March 26, 2008.
The U.S. Supreme Court heard arguments in Indiana v. Edwards, 07-208 to determine whether a defendant judged competent to stand trial has the right to be his own lawyer, even if he has a history of serious mental illness. At stake is whether the need to ensure a fair trial outweighs the defendant's interests in autonomy. Do individual states have the right to assess more rigorously the competency of someone with schizophrenia to try his case "pro se," or does that violate such a person's right to due process under the Sixth Amendment of the Constitution?
Our highest court will return an opinion in June. Here now, I'll report and you decide for yourself the outcome.
In 2005, Ahmad Edwards was convicted of attempted murder and other charges, stemming from an incident six years earlier where he shot a security guard who chased after him out of an Indianapolis department store. Edwards had stolen a pair of shoes, yet argued that his action was in self-defense. Originally deemed unfit to stand trial, after a round of drug treatments, the judge vetted his competency, yet denied his request to represent himself and an attorney was hired to try Edwards' case.

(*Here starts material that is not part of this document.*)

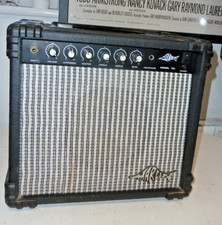 Marlin Model 10L Guitar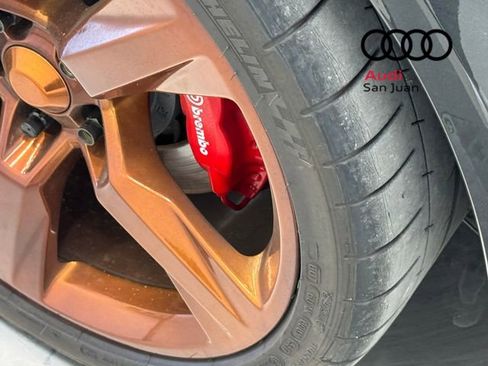 Used 2017 Chevrolet SS image 11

Sentenced to 30 years in jail, Edwards appealed and Indiana courts ruled his right to represent himself had been violated, citing a U.S. high court decision from 1993. The courts overturned his conviction and ordered a new trial. Indiana Attorney General Steve Carter petitioned for the U.S. Supreme Court to hear the case, saying, the right to self-representation is not absolute.
At issue is whether a person with schizophrenia would decompensate from the pressure of acting as his own lawyer, and thus his mental condition would render him unable to communicate coherently with the court and jury. At worse, this would jeopardize his right to a fair trial, and in the extreme, it would render the legal proceeding a farce.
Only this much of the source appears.